That said, the story Brennan tells us is an interesting and important one, which continues to have troubling echoes to the present day. It concerns the relation­ship between Africans and the Indian community in Dar es Salaam, both before and after independence in 1961 – the period covered is roughly 1916 to 1976. And, of course, the pattern of relationships between communities established by the British administration set the tone. As Brennan observes, “Examined closely, East African ‘Indians’ splinter into a dizzying array of regional, religious, and caste-based communities” but “If considered as a microcosm, [they] appear to be a privileged community that, by and large, had profited from their participation in systems of colonial rule.” (p.3).
Chapter 1 brings out how, in the inter-war period, the need to distinguish between ‘native’ people (to be protected from exploitation by outsiders) and ‘non-natives’ posed difficult problems for the administration, particularly on the coast and in the capital, given the dominance of the latter in government, business and (in the case of the Indian community) in retail and wholesale trade.
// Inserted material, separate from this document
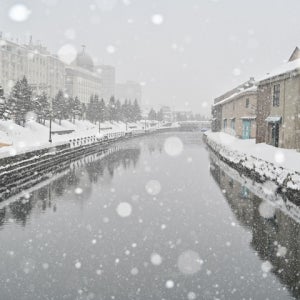 100%출발 삿포로노보리베츠도야오타루 4/5일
In Dar es Salaam, this resulted in the ostensibly non-racial division of the town into Zone I (high standard residential), Zone II (commercial) and Zone III (reserved for natives). Zone II was predominantly Indian and it was “Indians, not Europeans, [who] interacted with Africans on a daily basis and bore the brunt of African frustrations with the cruel vicissitudes of market economics.” (p. 34). However, as Brennan skillfully points out, there were contradictions inherent in these arrangements, particularly as regards housing, trade and land laws, aggravated by the relocation of the main market from Zone II to Kariakoo in Zone III.

Chapter 2 develops these themes as they affected racial identities in Dar, giving impetus to the consolidation of an Indian identity (at least in the eyes of Africans), notwithstanding internal differences in that community. At the same time, a similar consolidation of African identity was taking place, over-riding previous distinctions, such as those between Shomvi (Arab-descended) and Zaramo, or between Wenyeji (original residents) and watu wa kuja (newcomers).

WWII pushed these tendencies further (Chapter 3) as the authorities sought to maintain an orderly urban environment in the face of rising living costs, food shortages and growing militancy on the part of organized African labour. The responses included price controls, and creation of minimum entitlements to food, textiles and housing for recognized residents, which “dramatically raised the political and economic value of urban space” (p.117). This in turn led to attempts to curb in-migration, with limited effect, extending even to repatriation of wahuni (young, unemployed ‘hooligans’) – a policy revived subsequently, both before and after independence, indeed right up to the present day.

Chapter 4 charts how, in the post-war period, the Swahili term taifa (nation) came to eclipse kabila (tribe) and other sub-categories, helping to weld together the diverse groups making up the African population into a Swahili-speaking nation. Lively debate ensued as to whether Indians or people of mixed descent could properly belong to the taifa. In this discussion, Nyerere’s vision of a relatively colour-blind nation sat uneasily with TANU’s (pre-independence) African only recruitment policy and the growing demonisation of Indians as exploiters (unyonyaji).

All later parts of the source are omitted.